→ The task
Only the lines from the one that contains "In RefWorks Classic, you" to the last line below, both included, should be transcribed. Pictures stay out of the copy.

→ Data records
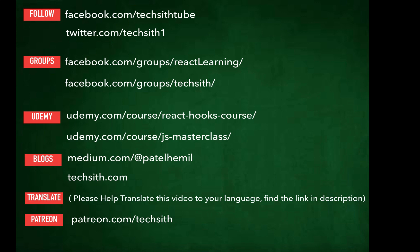And if you did, please like, subscribe, and provide a nice comment. Don't forget the comment. And you can follow me on Facebook. I have multiple groups as well. You can purchase my Udemy course. I have two courses, one on react hooks and one on JavaScript. You can follow my blogs and also translate this video for me. The information will be in the description, or you can become my Patreon. Thank you.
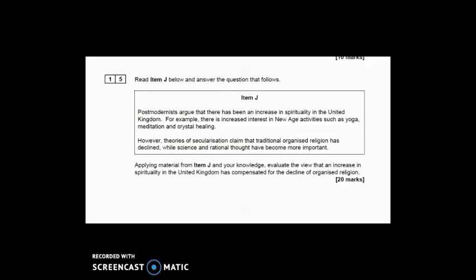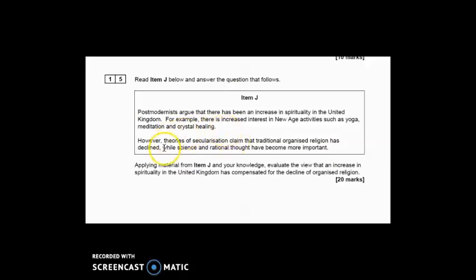Our final question is question 15, a 20-marker asking you to evaluate: 'The increase in spirituality in the UK has compensated for the decline of organised religion.' The item references postmodernist views and increased spirituality, giving you a hook about New Age activities. You could refer to Heelas and Woodhead's spiritual revolution thesis. The second part — 'has compensated for the decline in organised religion' — hooks into secularisation debates, including the idea that science and rational thought have become more important.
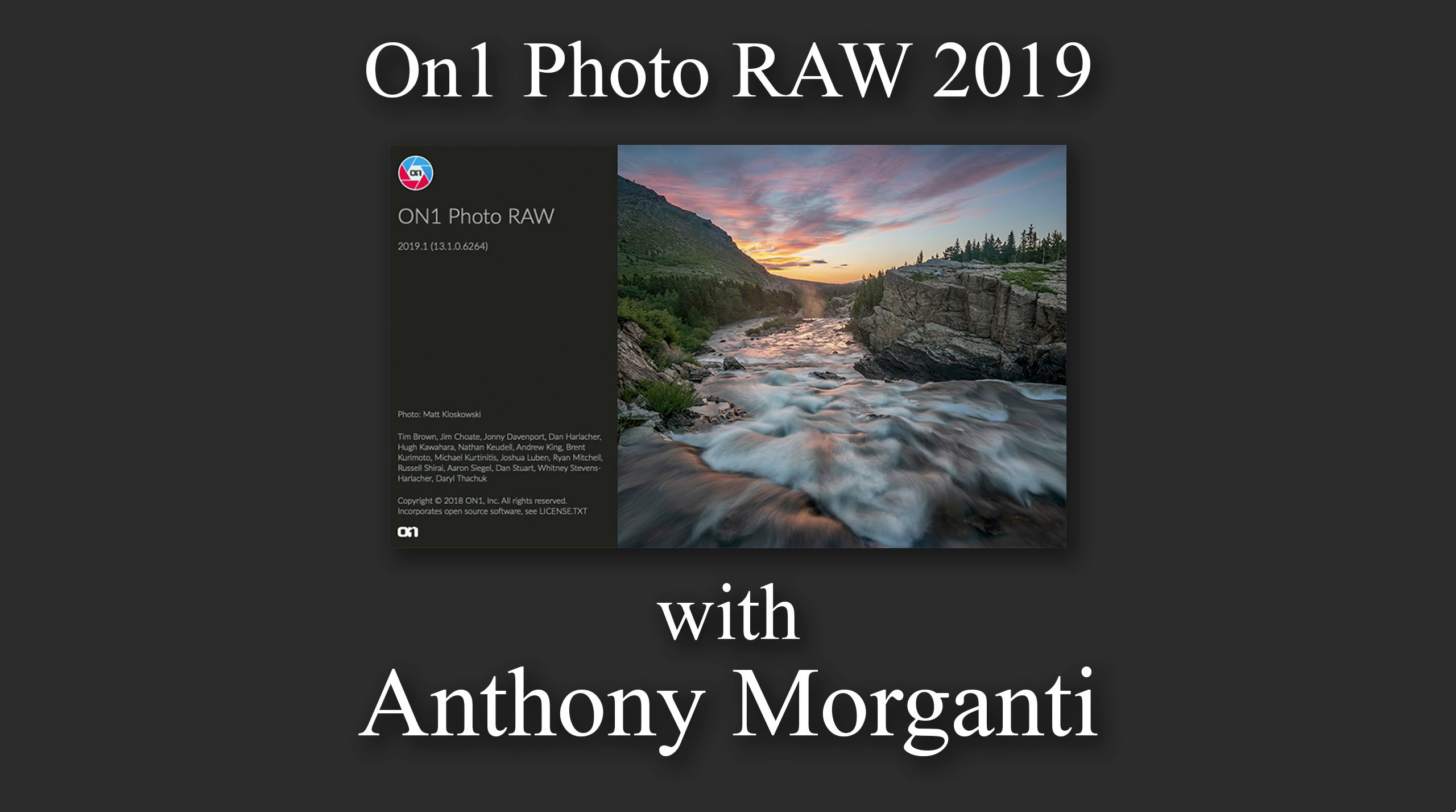Hey guys, this is Anthony Morganti from OnlinePhotographyTraining.com. Welcome to my free training on On One Photo Raw 2019.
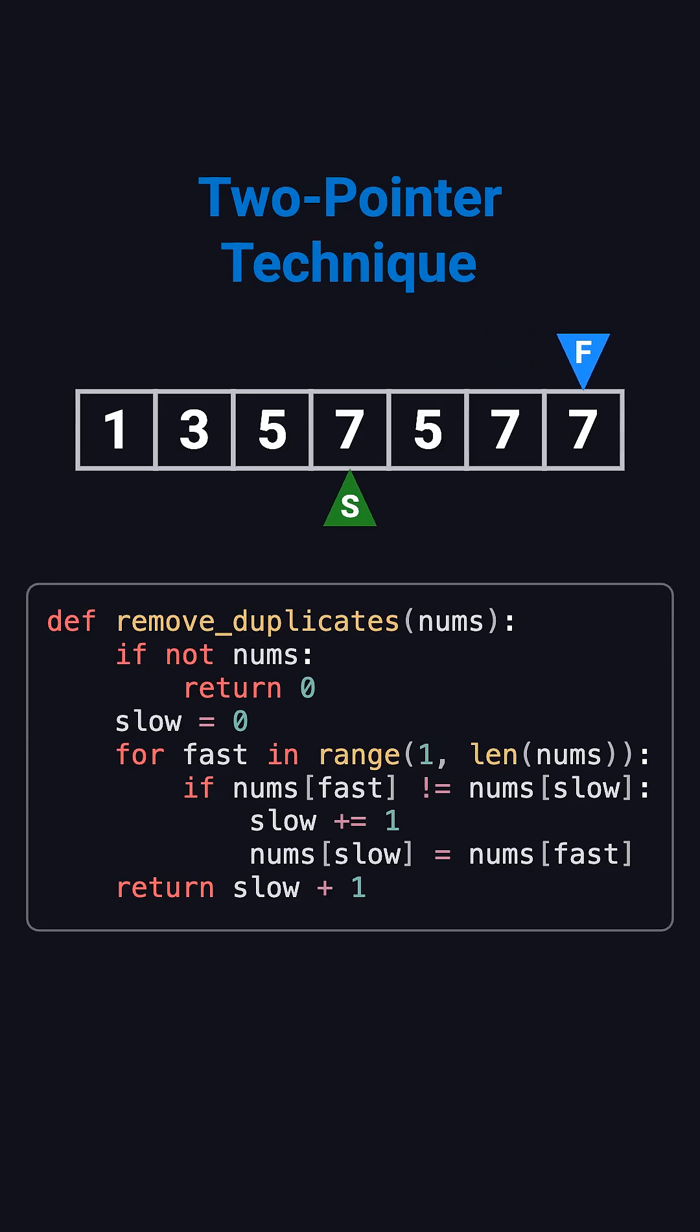The last 7 is a duplicate, so we skip it. At the end, the first four numbers are 1, 3, 5, 7. And the returned length is slow plus 1, which equals 4.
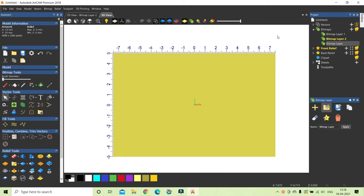In this class we will look at how we can create vectors from images. We can work with a lot of images, and with the help of vectors we can do different kinds of machining and effects.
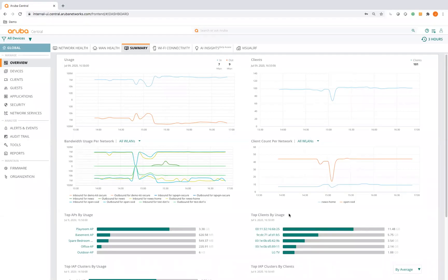Hello everyone, this is Jacob Owen, Systems Engineer for Aruba here in Indiana. I wanted to take some time today to go through Aruba Central and some of the tweaks and areas that I've noticed on some recent deployments that might impact end-user connectivity. I also want to show off some of the tools I've used to determine what these issues are within the environment.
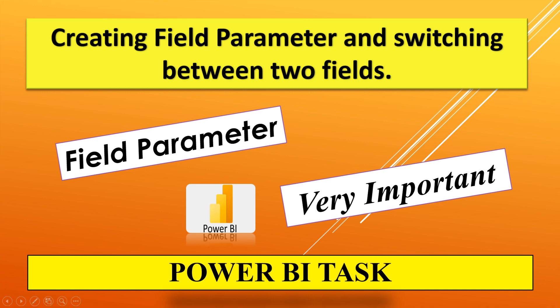Hello everyone, welcome back to my channel. Today we'll see a new use case in Power BI for switching between multiple fields in one visual by using field parameters. We'll see in detail what is field parameter and how to use it in Power BI.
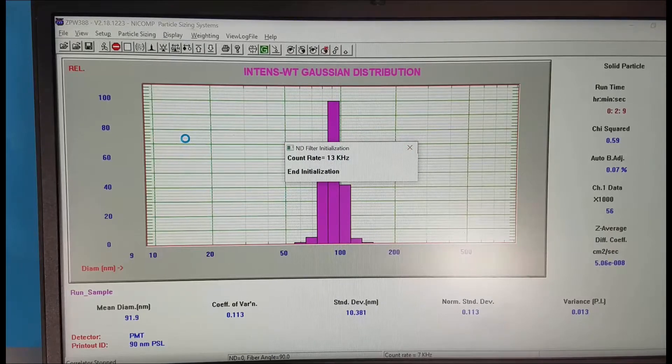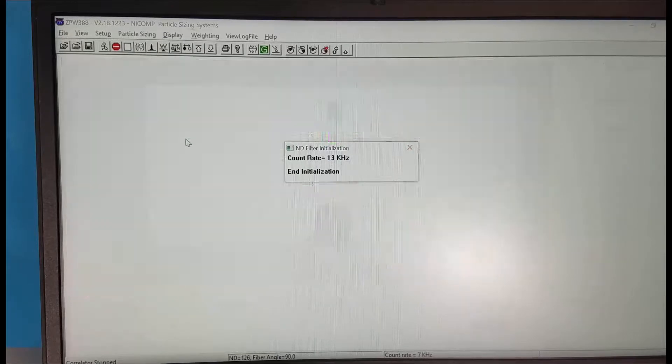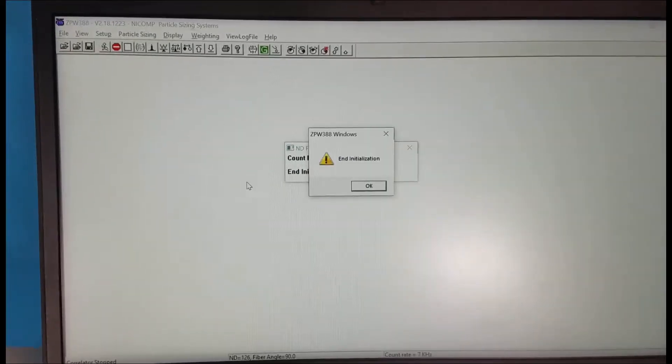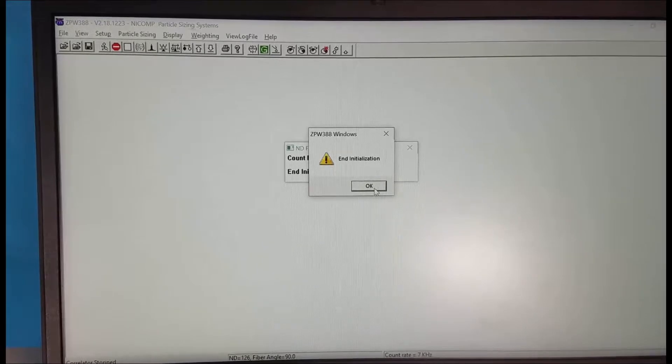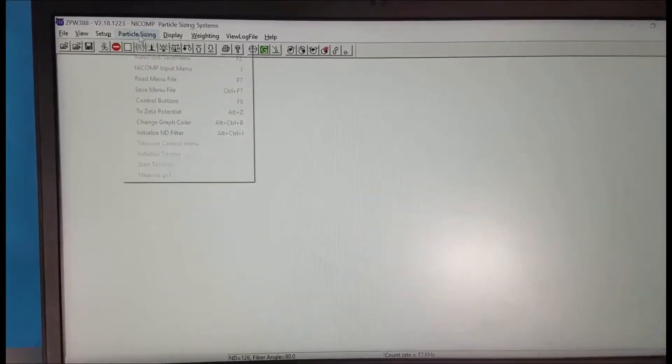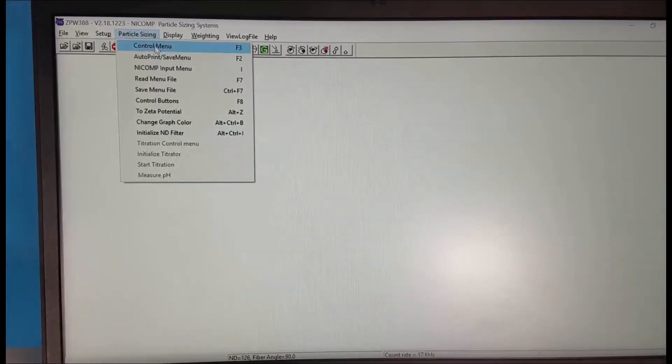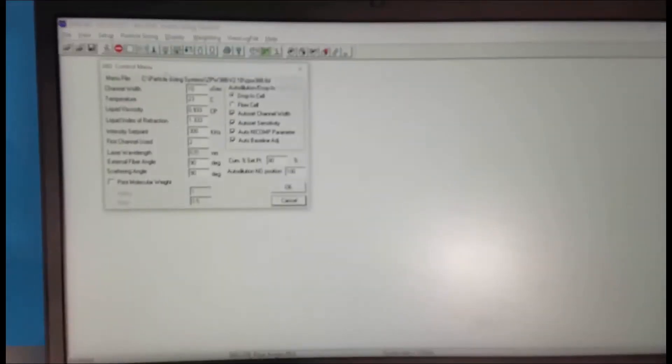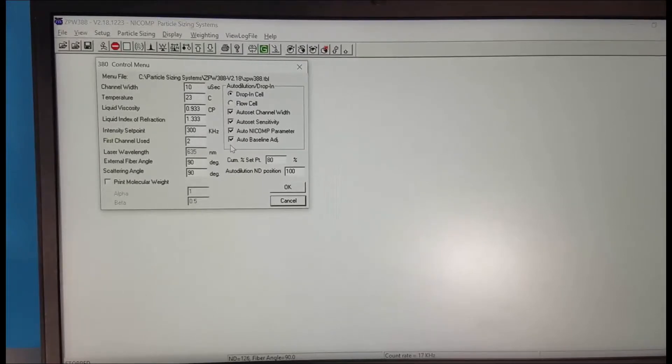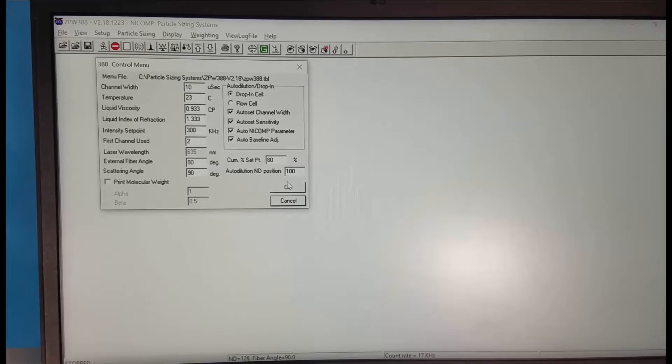When it's completed we click OK and then we have two screens to set up. Particle size control menu. Here we make the settings as described in the slide. This all looks like it's fine.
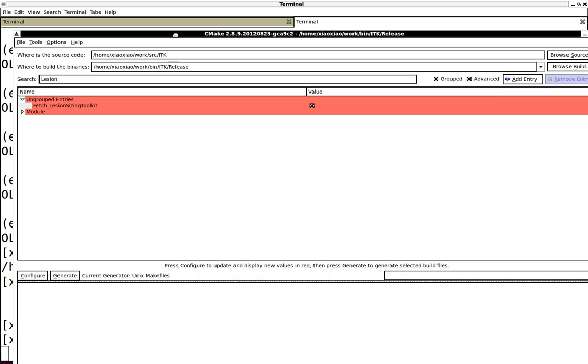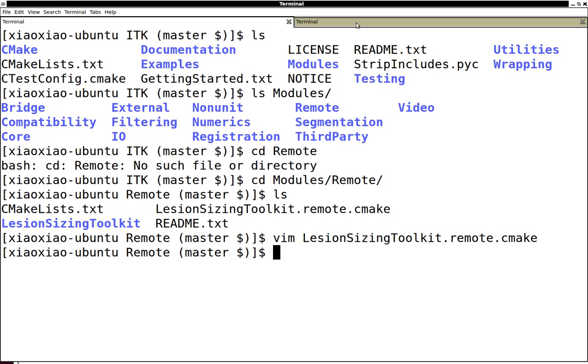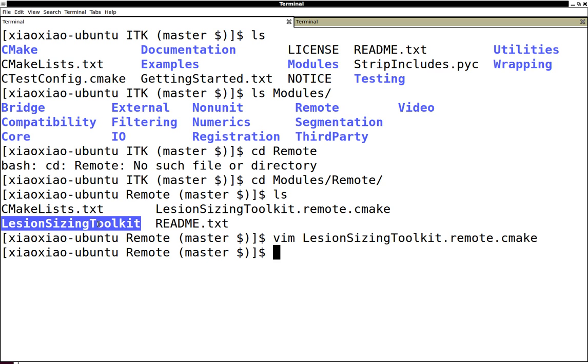First of all, you need to turn on the fetch Lesion Sizing Toolkit CMake variable. This will automatically use this little CMake code we have and then fetch the code repository and download the Lesion Sizing Toolkit source code into this folder.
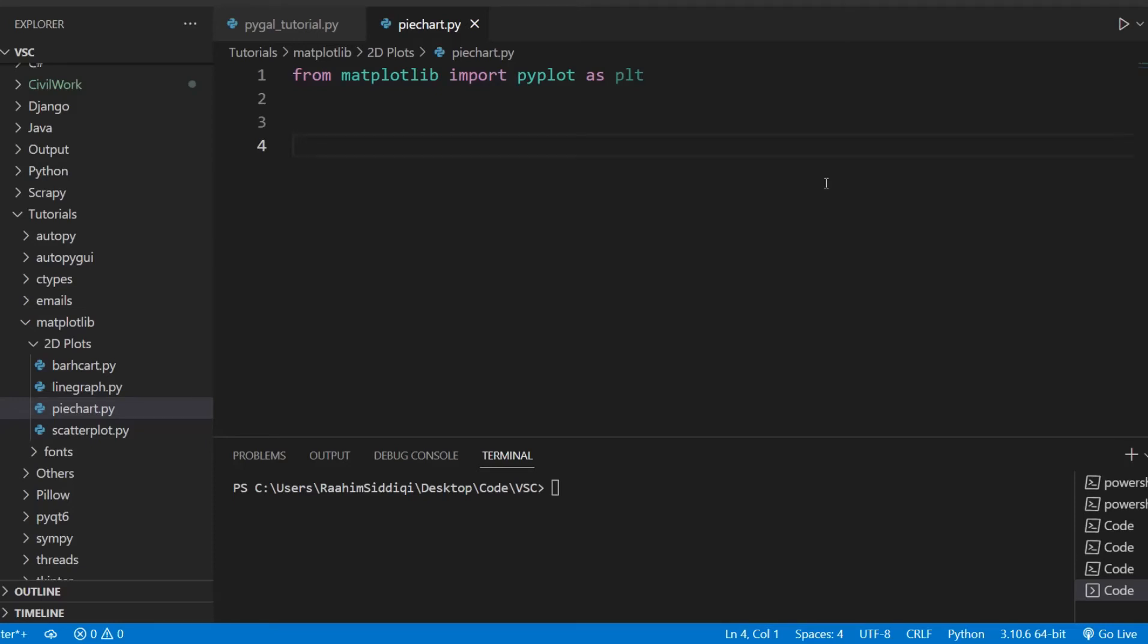Hey guys and welcome back to the Coders Legacy channel. In this video, I'm going to talk about how we can use and customize pie charts inside matplotlib. We all know what pie charts are and how they're used, so I won't waste time talking about that. Let's just jump straight into the code.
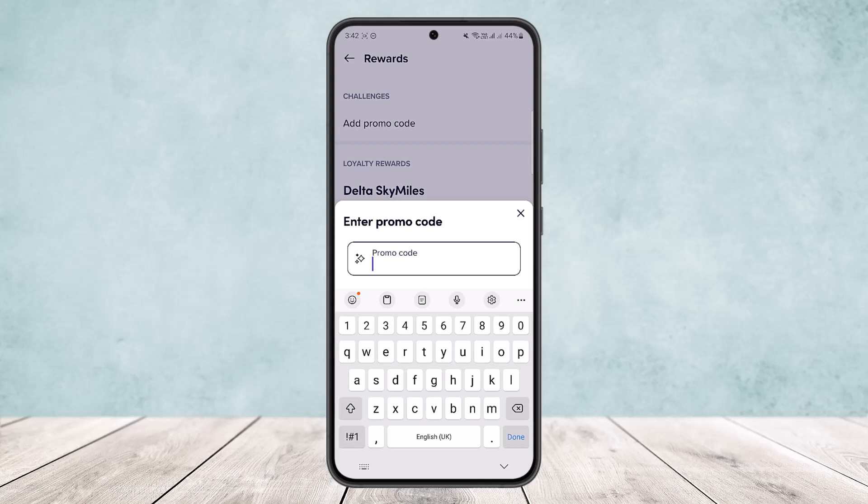So this way you can easily add or apply a promo code in Lyft. Hope this helped you. Do like and subscribe, and do not forget to leave a comment down below if you have any further issues.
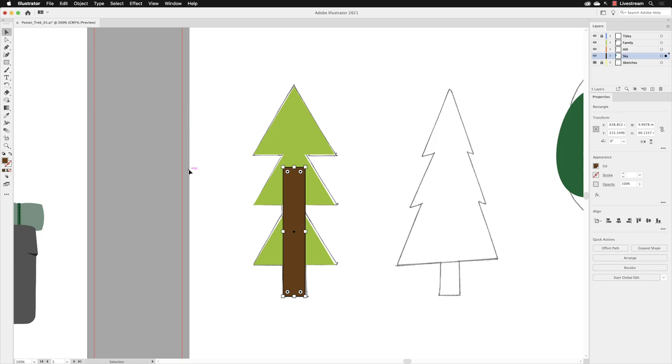Now we have our tree trunk made, we need to alter it slightly to look less like a rectangle and more like a tree trunk. To do that, we're going to utilize the free transform tool. We're going to make the top of the box slightly thinner, tapering it, but leaving the bottom the same width.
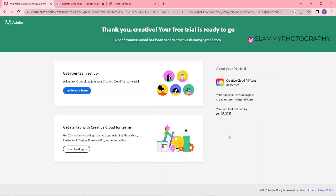Thank you, Creative. Your free trial is ready to go. The confirmation email has been sent to creativeslummy@gmail.com. So this is it—the free trial here is written to last for only 14 days, but from experience I've noticed that it's going to last for a whole month. And after that what you need to do is create another Gmail—that's just the secret.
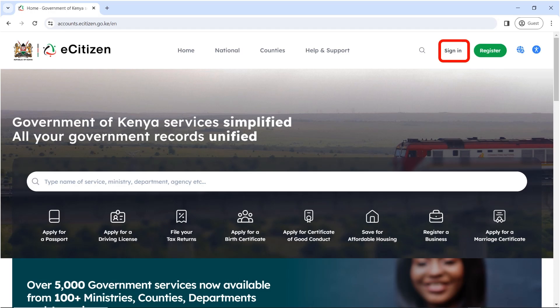Hello guys, welcome back to the Future Internet Cafe. If you are new here, we post a new video every week. We help you solve online problems or any service that involves the use of a computer. My name is Catherine and I'll be your guide through this tutorial.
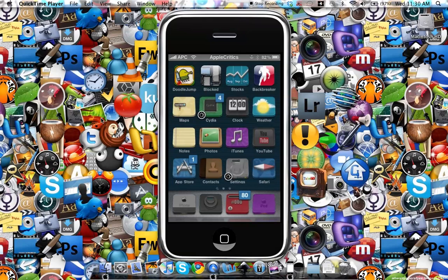Hey guys, what's up. This will be my video on how to delete applications on your iPhone or iPod Touch. This won't be like the normal way you delete your iPhone or iPod Touch applications — you can actually delete your standard applications. In this video I will be showing you how to do this.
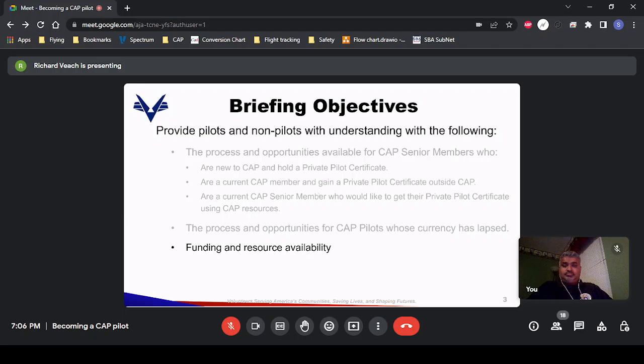We're going to talk about processes and training opportunities for CAP pilots whose currency has lapsed. We'll also talk a fair amount about funding — there are things we can do that are funded, and additional things where the senior member pays for aircraft use. The availability of instructors is also an issue, and we'll touch on that.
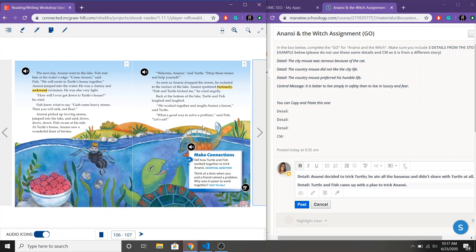But then when Anansi dropped the stones what happened? He went back up to the top. So Fish and Turtle tricked me. He cried angrily. Back at the bottom Turtle and Fish laughed and laughed. We worked together and taught Anansi a lesson. What a good way to solve a problem said Fish. Let's eat.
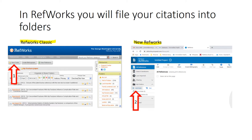In RefWorks Classic, you would click the 'New Folder' button and then you can call that folder anything you like. In new RefWorks, you select 'Add Folder' under the 'My Folders' option.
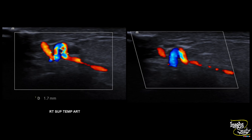Here is the largest diameter of the lumen, where you can see the diameter is around 1.7 mm. This is the narrow part. You can see the hypoechoic wall thickening quite well here.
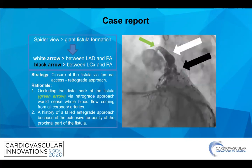In the spider view you can appreciate the giant fistula formation. The right arrow in this slide shows the large connection between the LAD and the pulmonary artery, and the black arrow demonstrates the communications between the left circumflex and the pulmonary artery.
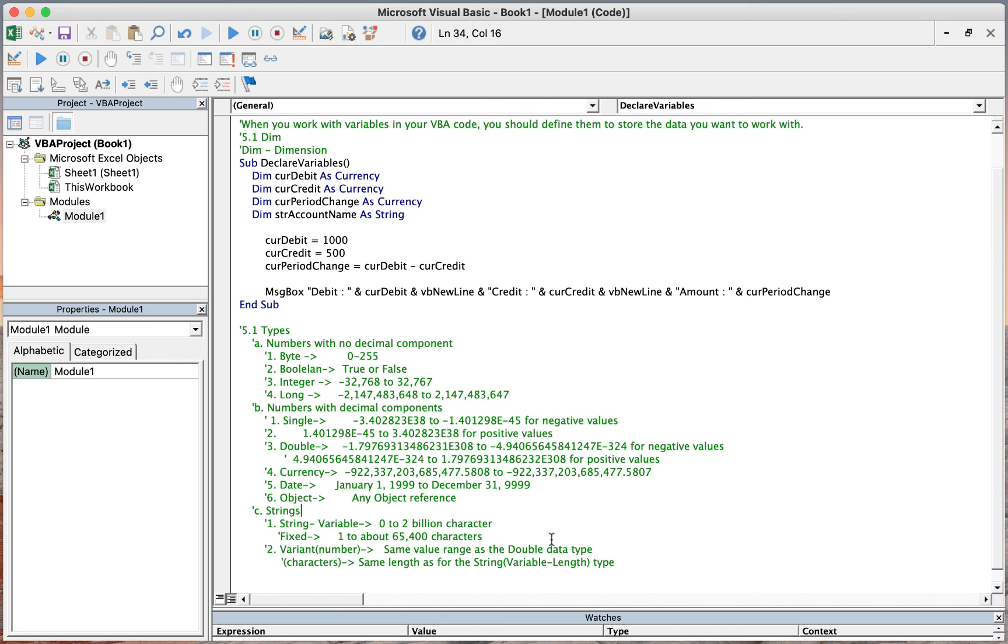For the variant number, it is the same value range as the double data type. For character, same length as the string variable length type.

→ Expected output
In RefWorks Classic, you would click the 'New Folder' button and then you can call that folder anything you like. In new RefWorks, you select 'Add Folder' under the 'My Folders' option.
Here is the largest diameter of the lumen, where you can see the diameter is around 1.7 mm. This is the narrow part. You can see the hypoechoic wall thickening quite well here.
In the spider view you can appreciate the giant fistula formation. The right arrow in this slide shows the large connection between the LAD and the pulmonary artery, and the black arrow demonstrates the communications between the left circumflex and the pulmonary artery.
For the variant number, it is the same value range as the double data type. For character, same length as the string variable length type.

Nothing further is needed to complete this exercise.